• **Data excerpts**:

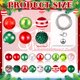 thumbnail image 3 of Cuentas de Chicle Navideñas Realspring 20 mm 100 pcs para Manualidades, 3 of 6
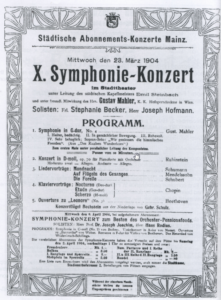 1904 Concert Mainz 23-03-1904 - Symphony No. 4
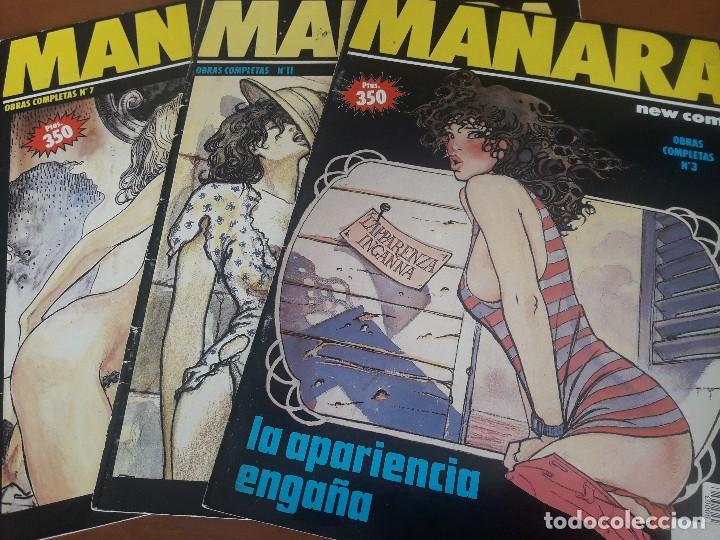C&oacute;mics: MANARA. OBRAS COMPLETAS N&ordm; 3, 7 Y 11. NEW COMIC 1992-93 MBE - Foto 1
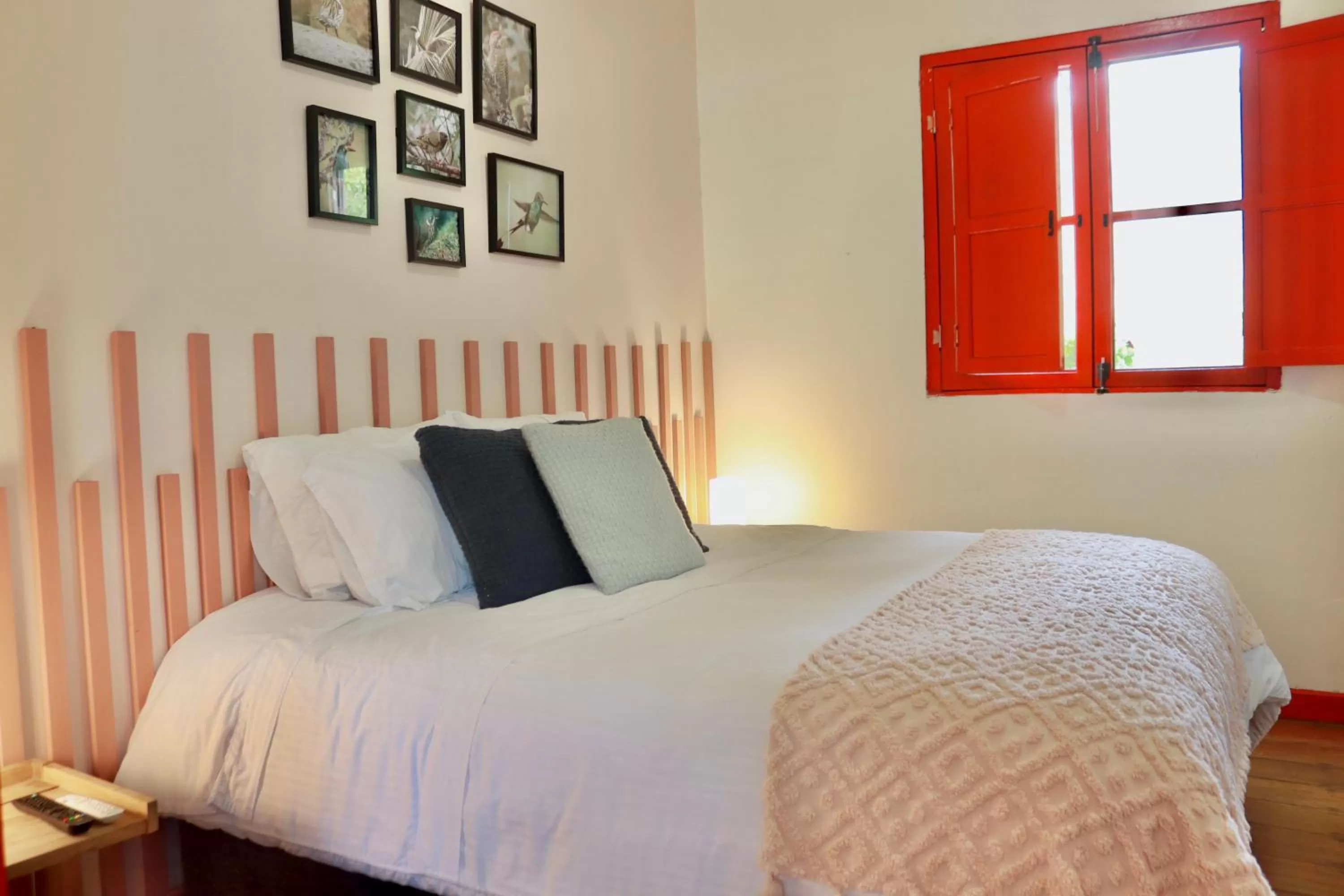 Photo of the whole room, Bed in La Cabaña Ecohotel - Valle del Cocora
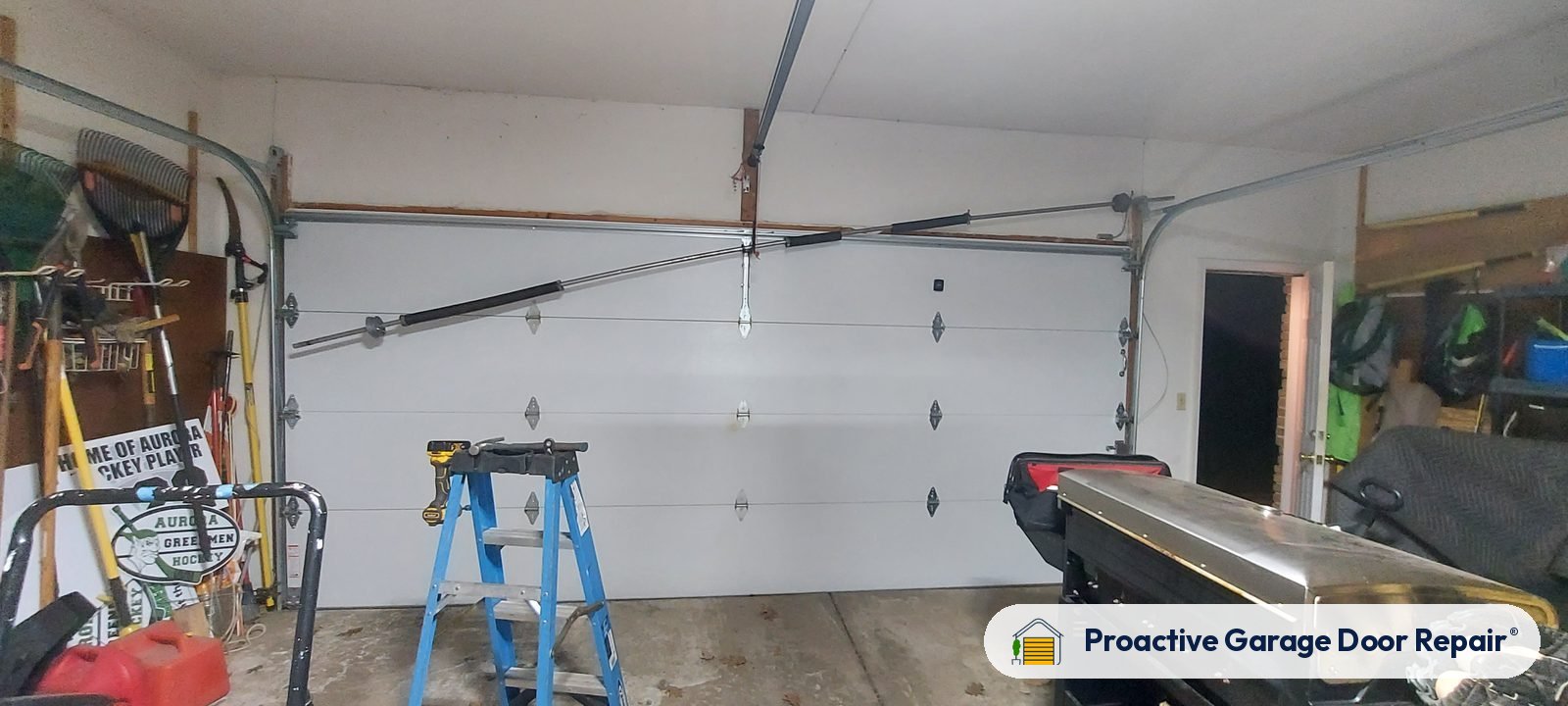 Inside view of a garage door after a Proactive Garage Door Repair visit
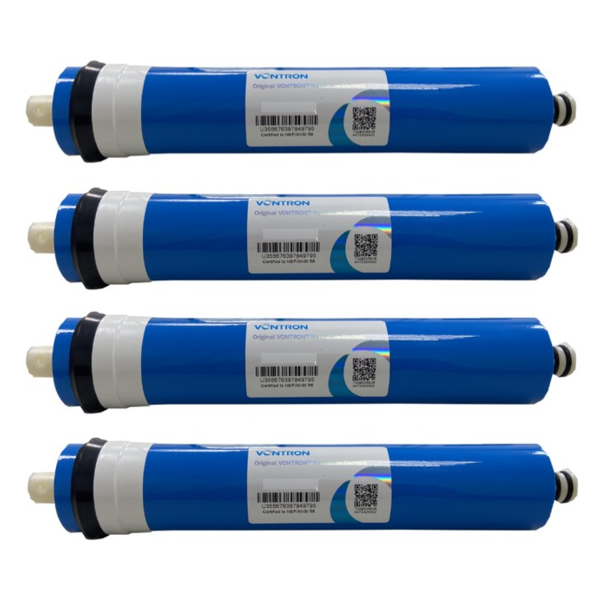 Kit 4 Membranas De Osmose Reversa 75 Gpd Vontron Ulp1812-75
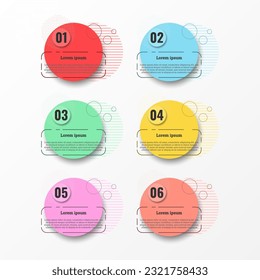 Infographic used for detailed reports of all 6 topics.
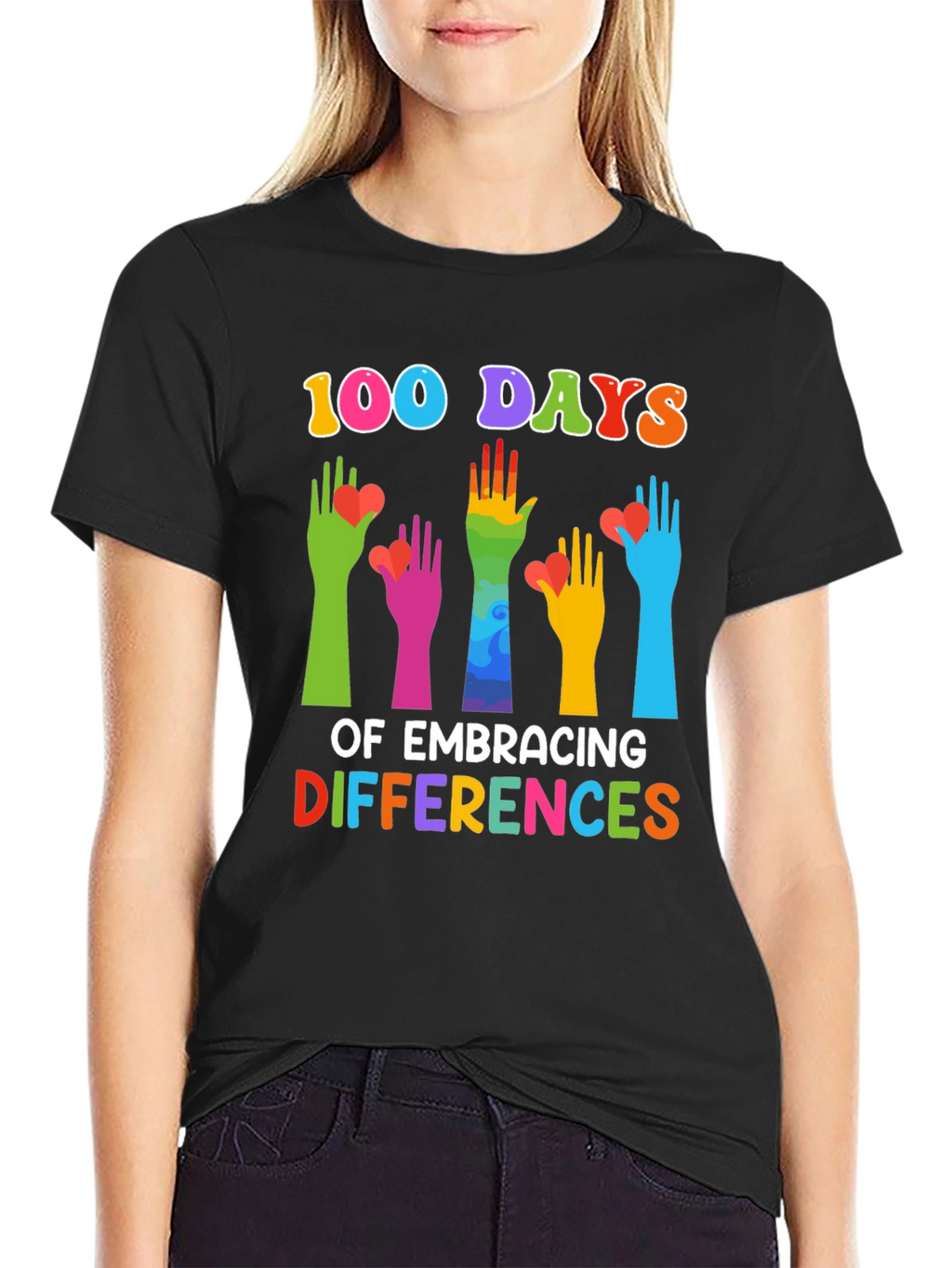 100 Days of Embracing Differences T-Shirt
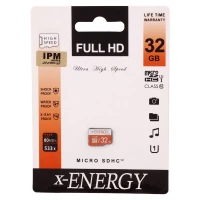 رم میکرو 32 گیگ ایکس انرژی X-Energy 533X U1 C10 80MB/s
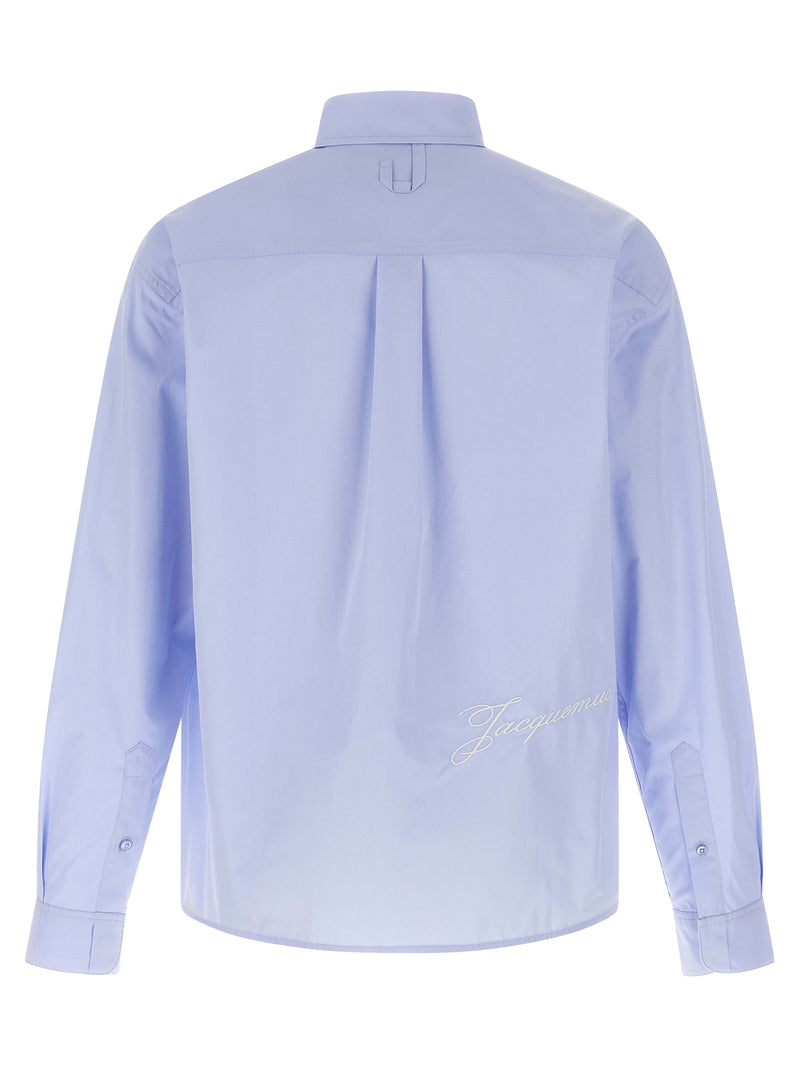 Jacquemus La Chemise Simon Blue Cotton Blouse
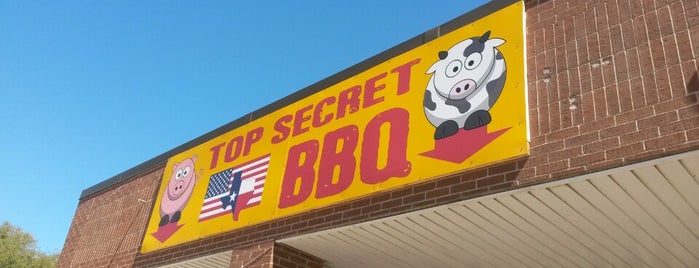 Top Secret BBQ is one of John : понравившиеся места.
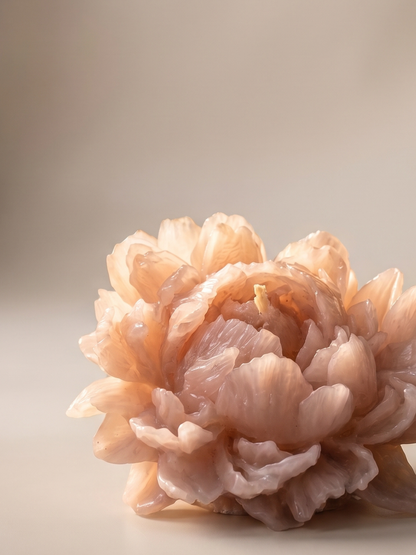 Ivory Peony Candle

• **Work to be completed**: Copy the records above from the first line through the line containing "Kit 4 Membranas", both included, and leave out any pictures.

• **Result of this task**:
 thumbnail image 3 of Cuentas de Chicle Navideñas Realspring 20 mm 100 pcs para Manualidades, 3 of 6
 1904 Concert Mainz 23-03-1904 - Symphony No. 4
C&oacute;mics: MANARA. OBRAS COMPLETAS N&ordm; 3, 7 Y 11. NEW COMIC 1992-93 MBE - Foto 1
 Photo of the whole room, Bed in La Cabaña Ecohotel - Valle del Cocora
 Inside view of a garage door after a Proactive Garage Door Repair visit
 Kit 4 Membranas De Osmose Reversa 75 Gpd Vontron Ulp1812-75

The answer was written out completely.